The data —
- - - - - - -

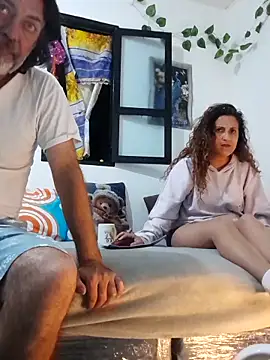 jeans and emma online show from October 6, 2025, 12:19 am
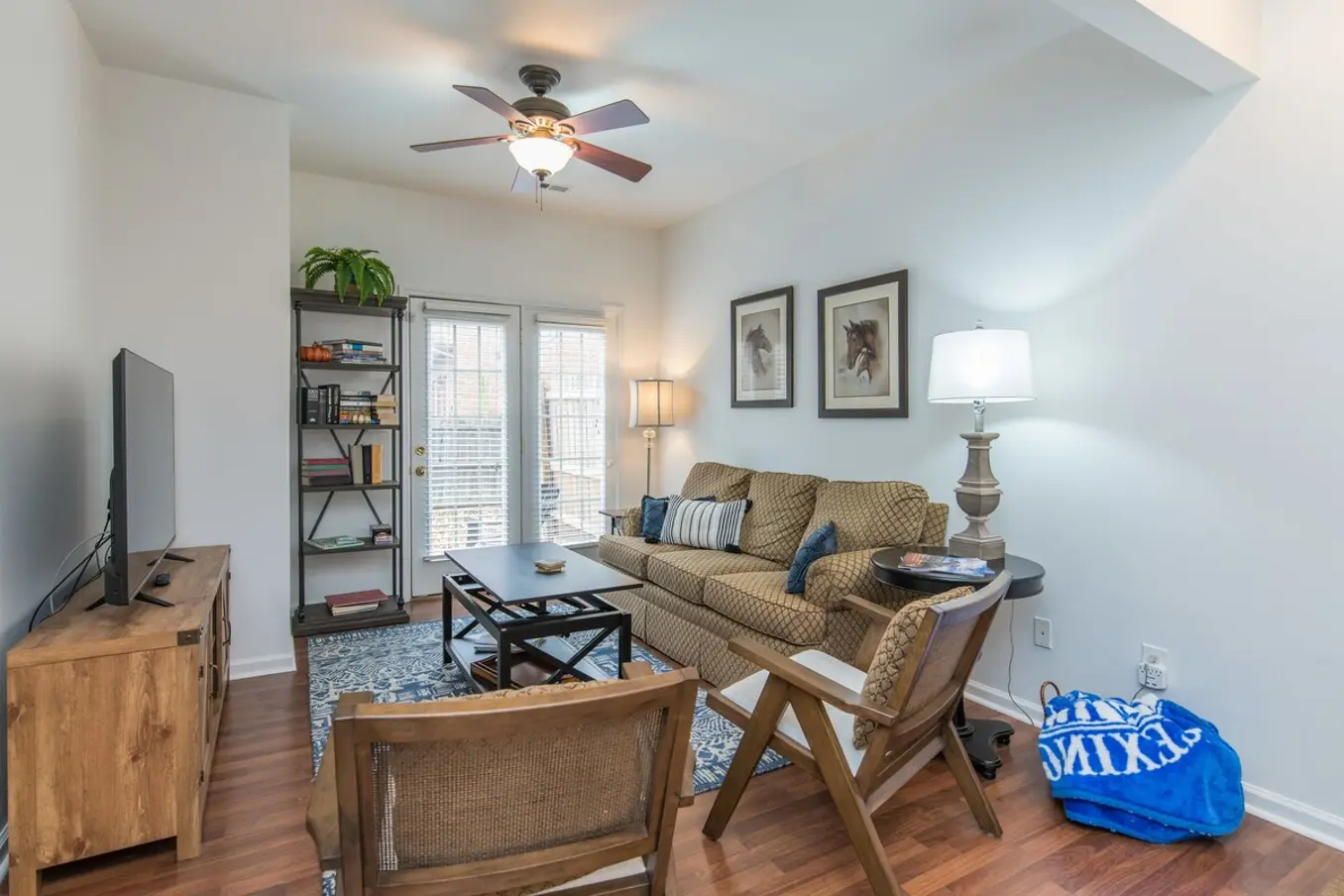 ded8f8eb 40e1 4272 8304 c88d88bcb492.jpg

- - - - - - -

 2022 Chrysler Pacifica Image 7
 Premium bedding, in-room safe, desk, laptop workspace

- - - - - - -

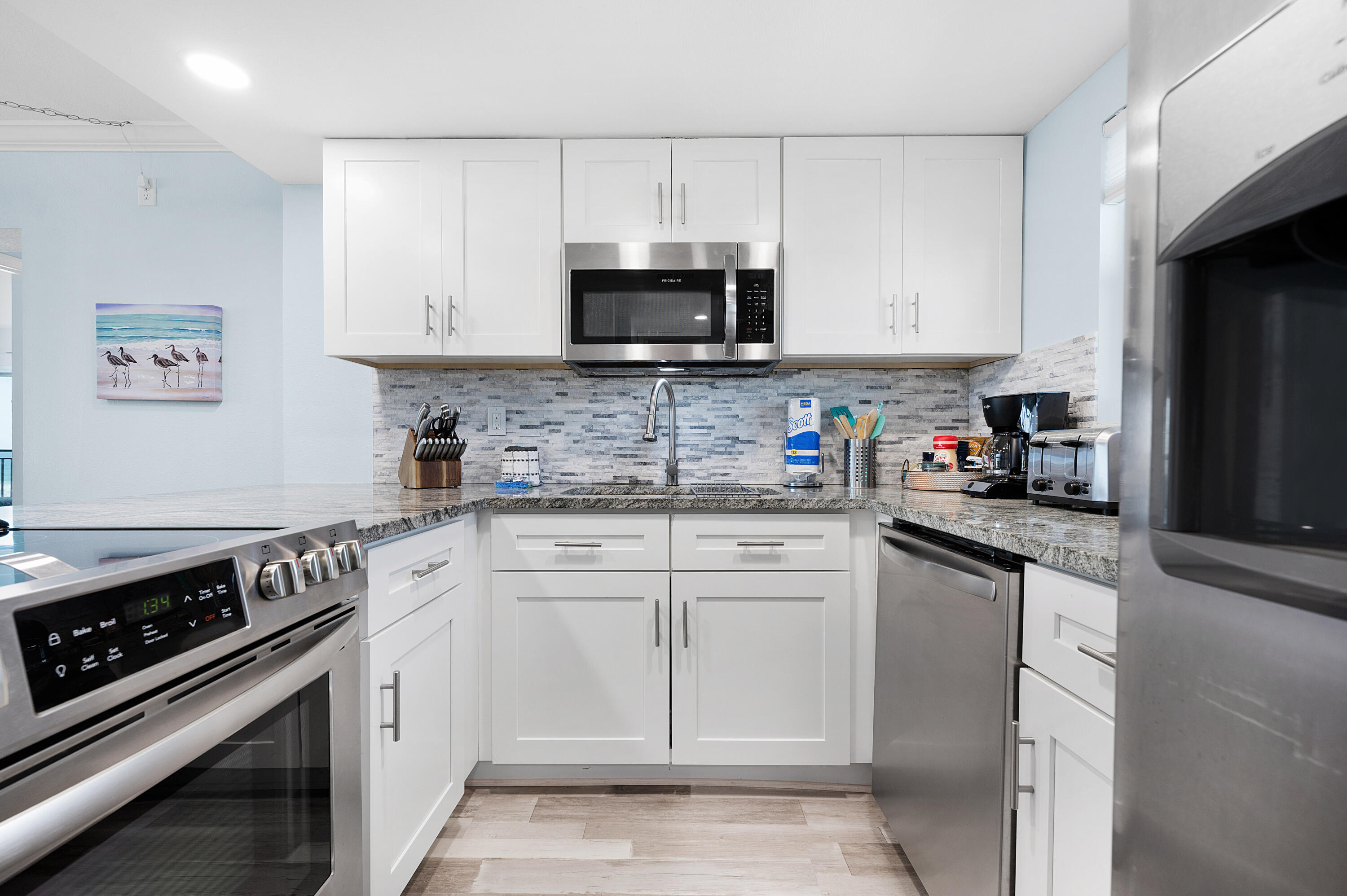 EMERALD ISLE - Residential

- - - - - - -

Problem —
From the records above, return exactly the lines running from the one that contains "jeans and emma" down to the one that contains "ded8f8eb 40e1 4272 8304 c88d88bcb492.jpg", both included, without any pictures.

Exercise solution —
 jeans and emma online show from October 6, 2025, 12:19 am
 ded8f8eb 40e1 4272 8304 c88d88bcb492.jpg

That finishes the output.